[Image-text web data]
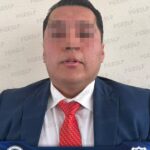 Imagen difundida por la Fiscalía General del Estado de San Luis Potosí de Federico “N”, detenido en cumplimiento de una orden de aprehensión.
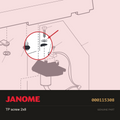 Tapping Set Screw 2mm x 8mm, Janome #000115308 — shown on the Janome parts diagram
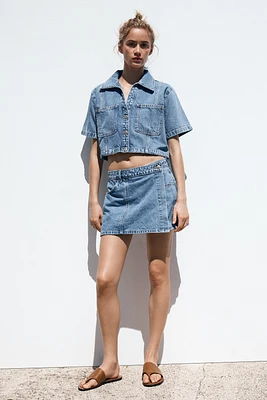 CHEMISE Z1975 COURTE EN DENIM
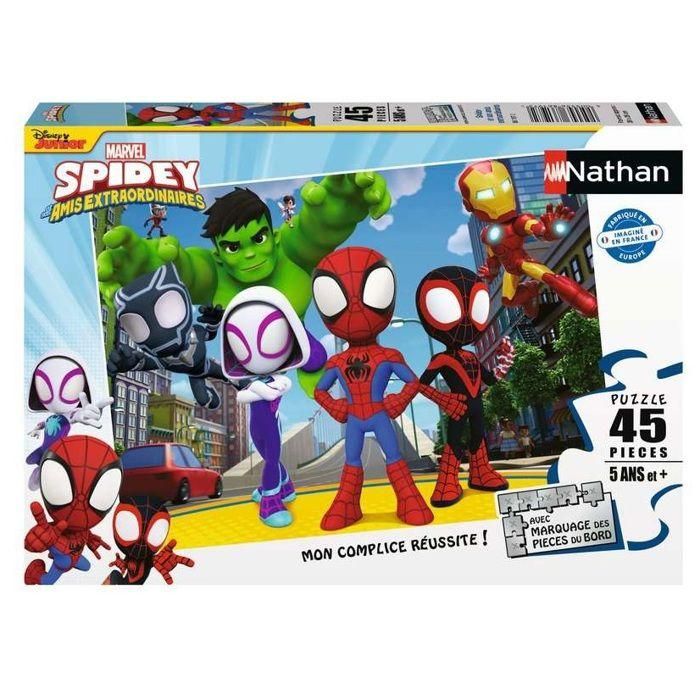 Puzzle de 45 piezas Spidey y sus amigos - Dibujos animados y comics - NATHAN - A partir de 5 años 1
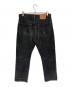 LEVI'S (リーバイス) 505ペイントブラックデニムパンツ ブラック サイズ:W34：10000円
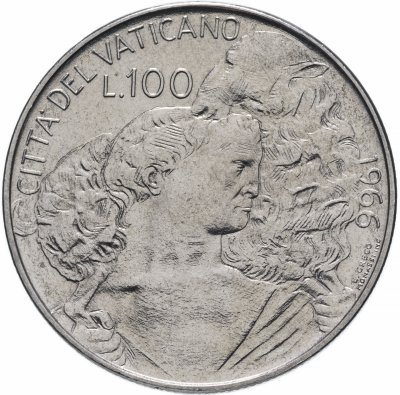 купить Ватикан 100 лир (lire) 1966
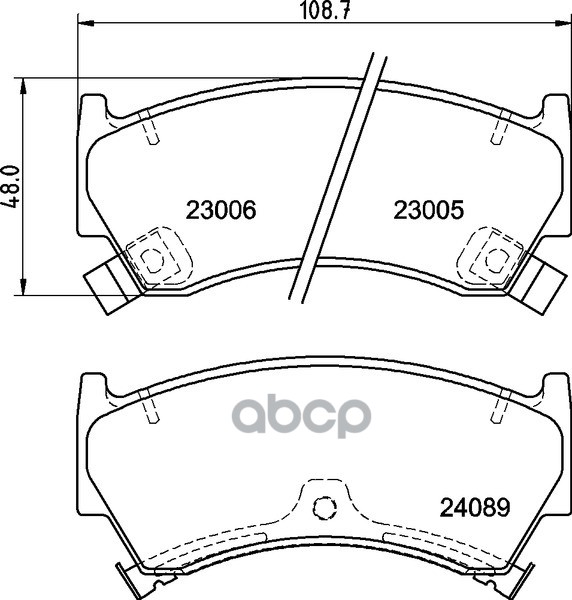Колодки торм.пер. Nissan Almera Mintex арт. MDB2144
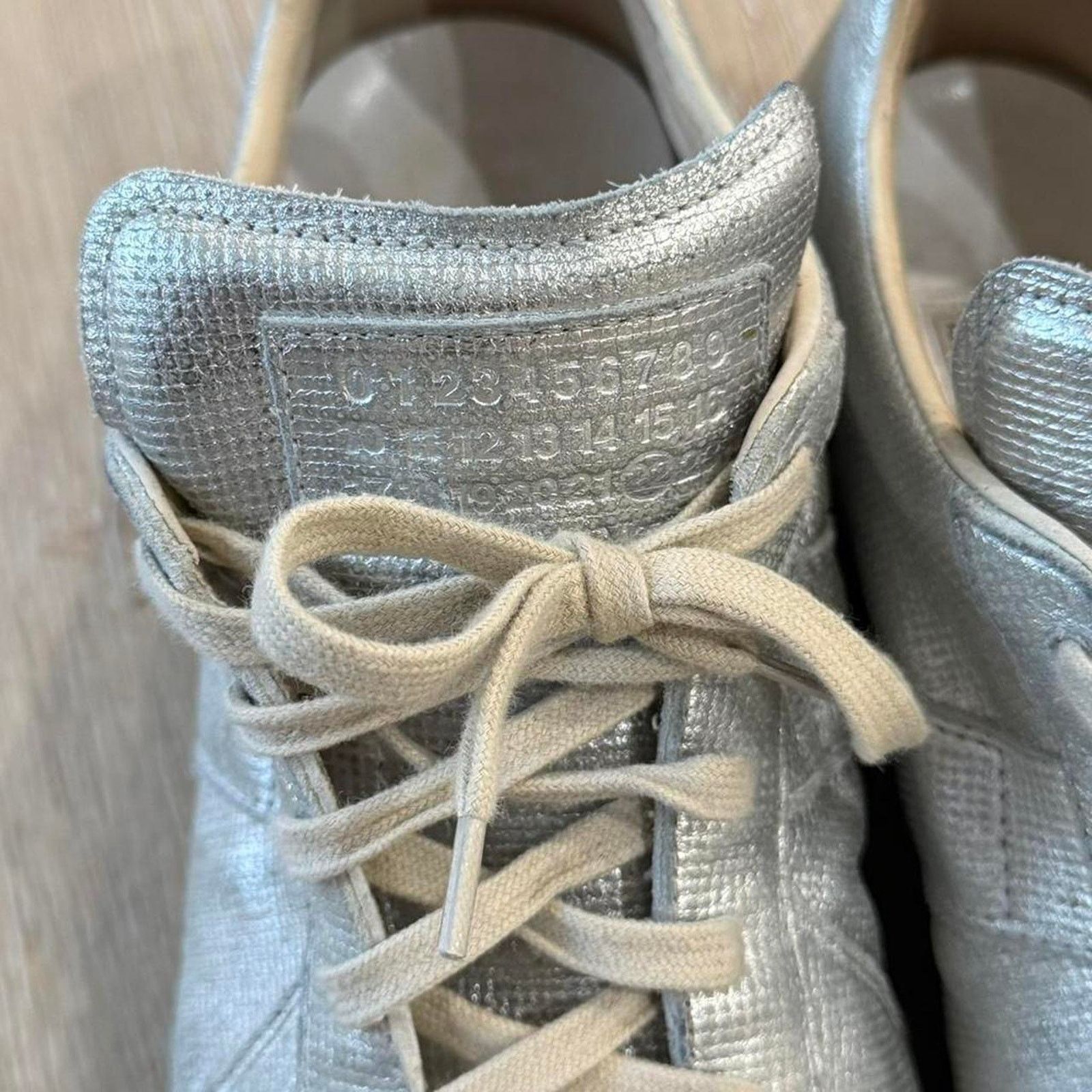 Maison Margiela Maison Margiela Replica GAT Silver Metallic Sneakers Size US 10 / EU 43 - 6 Thumbnail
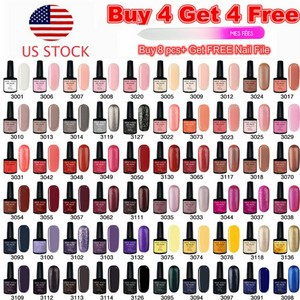Gel-Nail-Polish-UV-LED-Soak-Off-Manicure-Shiny-Salon-Gel-Nails-Art-100-Color
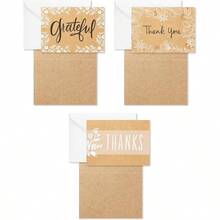 Hallmark - Tarjetas de agradecimiento surtidas kraft rústico 48 notas de agradecimiento con sobres - como en la foto - Ver 4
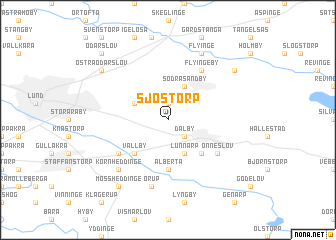 map of Sjöstorp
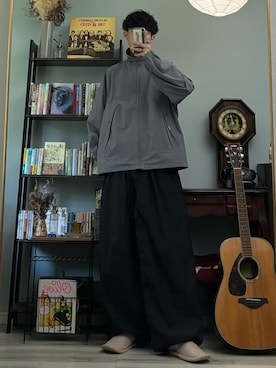 「アイテム（ナイロンジャケット）」を使った、ハルさん（メンズ・179cm）の夏コーディネート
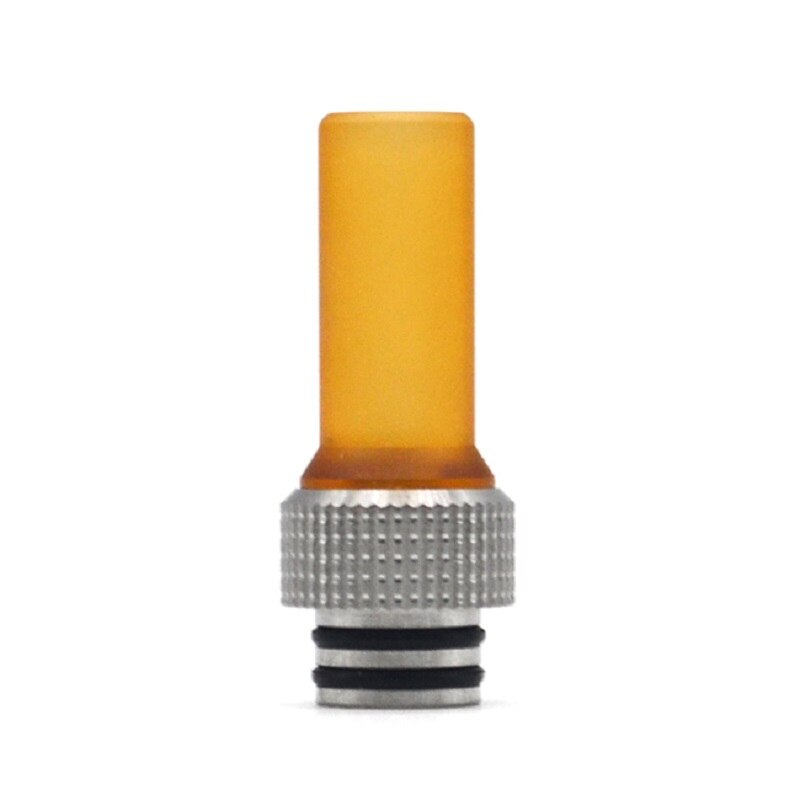 Punta antigoccia agose 510 per bocchino RBA RTA Tank RDA atomizzatore accessorio Vape: D Yellow Silver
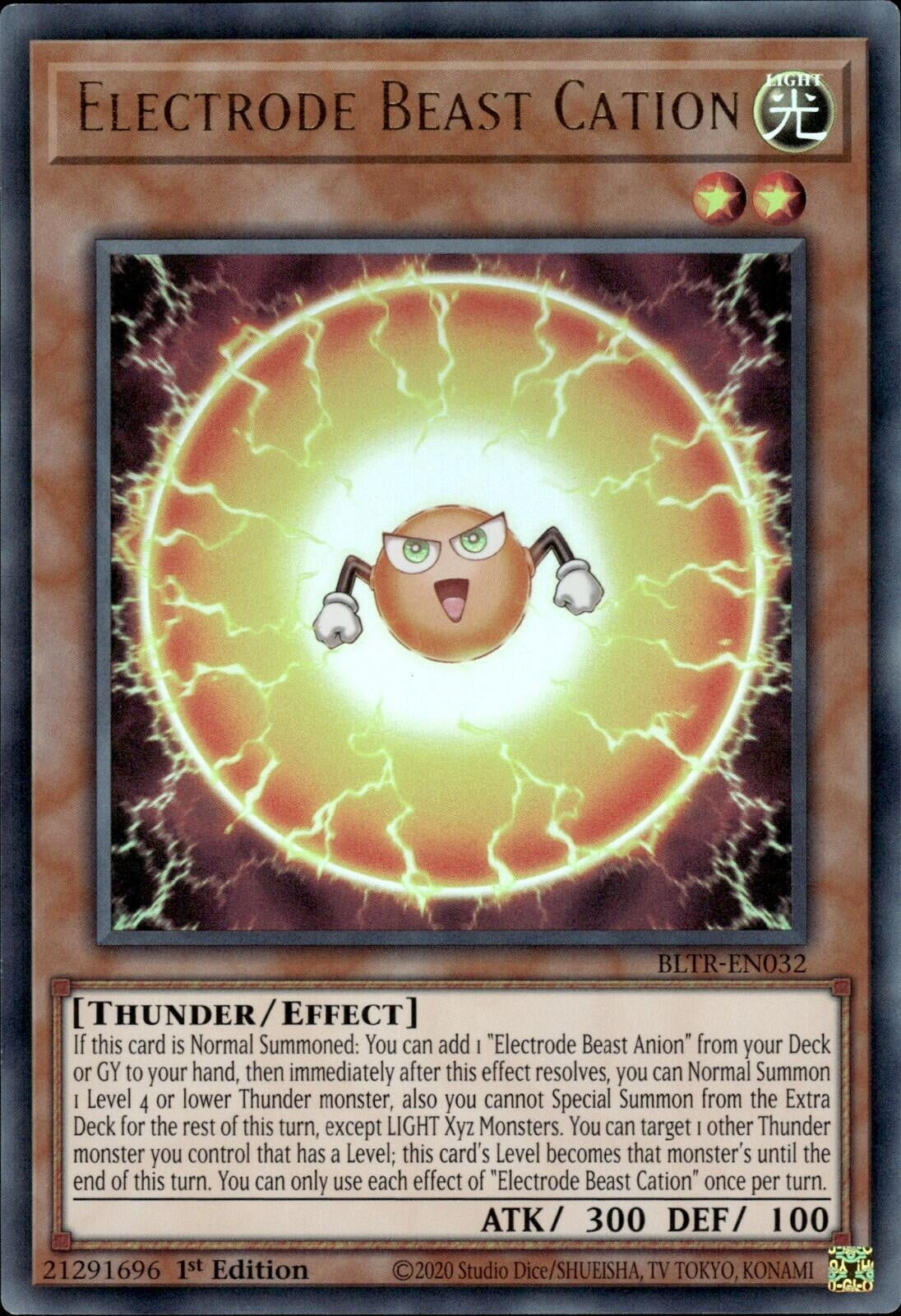 Image for Electrode Beast Cation (Battles of Legend: Terminal Revenge) (BLTR-EN032) - YuGiOh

§ What the task asks:
When you copy the data above, reproduce each line exactly and skip every image.

§ Exercise solution:
 Imagen difundida por la Fiscalía General del Estado de San Luis Potosí de Federico “N”, detenido en cumplimiento de una orden de aprehensión.
 Tapping Set Screw 2mm x 8mm, Janome #000115308 — shown on the Janome parts diagram
 CHEMISE Z1975 COURTE EN DENIM
 Puzzle de 45 piezas Spidey y sus amigos - Dibujos animados y comics - NATHAN - A partir de 5 años 1
 LEVI'S (リーバイス) 505ペイントブラックデニムパンツ ブラック サイズ:W34：10000円
 купить Ватикан 100 лир (lire) 1966
Колодки торм.пер. Nissan Almera Mintex арт. MDB2144
 Maison Margiela Maison Margiela Replica GAT Silver Metallic Sneakers Size US 10 / EU 43 - 6 Thumbnail
Gel-Nail-Polish-UV-LED-Soak-Off-Manicure-Shiny-Salon-Gel-Nails-Art-100-Color
 Hallmark - Tarjetas de agradecimiento surtidas kraft rústico 48 notas de agradecimiento con sobres - como en la foto - Ver 4
 map of Sjöstorp
 「アイテム（ナイロンジャケット）」を使った、ハルさん（メンズ・179cm）の夏コーディネート
 Punta antigoccia agose 510 per bocchino RBA RTA Tank RDA atomizzatore accessorio Vape: D Yellow Silver
 Image for Electrode Beast Cation (Battles of Legend: Terminal Revenge) (BLTR-EN032) - YuGiOh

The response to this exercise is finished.